# Overdrive switch



## radeon (May 8, 2003)

I was wondering if it would be possible to relocate the o/d switch from the side of the shifter to somewhere else. Cause I would like to start redoing the interior this weekend and was wanting to get a new shift knob, but the only one I have found with the o/d switch cost like $120. It's a razo shifter and plus it really doesn't look that good. I was thinking that if the o/d switch can be relocated that I could put it either on the dash, but further towards the bottom. Or I could put it on the side of the console, kinda between the console and the seat, that way it would still be some what easy to get to. But I don't really use the switch, I usually leave o/d on. so easy access really it's a question in this.

Any input on this would be great. Because if it is possible to relocate the switch then I will be ordering a shift knob this weekend.

Thanks


----------



## andre (Apr 30, 2002)

yes. its just 2 wires....can put it anywhere....or you can just connect them and have o/d on at all times.


----------



## radeon (May 8, 2003)

Thanks, gonna have to mess with that this weekend.


----------



## 1CLNB14 (Apr 30, 2002)

The auto shift knobs with OD cost a grip.
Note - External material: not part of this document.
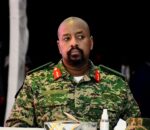 Muhoozi asubiye ku mbuga nkoranyambaga, asaba Amerika inkunga idasanzwe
The Levoc is a bit cheaper, but I don't likethe look of it.

I paid around $120.00 for the Razo I have, and I really like the look of it. It is the Competition one, and I've never seen another one. Glad I picked it up when I did.

as stated above, the OD button can be relocated to pretty much anywhere.


----------



## radeon (May 8, 2003)

1clnb14- is the shift knob you have the RA91/92 model??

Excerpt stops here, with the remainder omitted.